▼

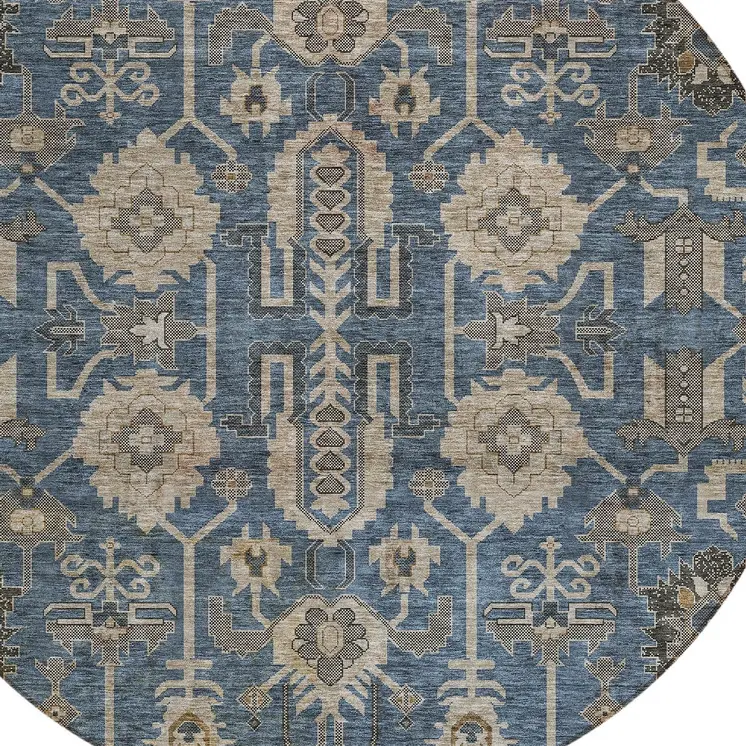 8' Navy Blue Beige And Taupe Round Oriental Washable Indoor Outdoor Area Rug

▲
▼

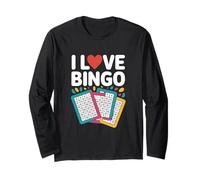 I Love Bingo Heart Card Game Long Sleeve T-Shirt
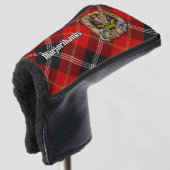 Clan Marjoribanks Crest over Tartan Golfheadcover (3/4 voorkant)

▲

TASK DESCRIPTION —
Of the records above, print only the lines from the one containing "I Love Bingo" through the one containing "Clan Marjoribanks Crest", inclusive and unaltered, leaving out pictures.

RESPONSE TO THE EXERCISE —
 I Love Bingo Heart Card Game Long Sleeve T-Shirt
 Clan Marjoribanks Crest over Tartan Golfheadcover (3/4 voorkant)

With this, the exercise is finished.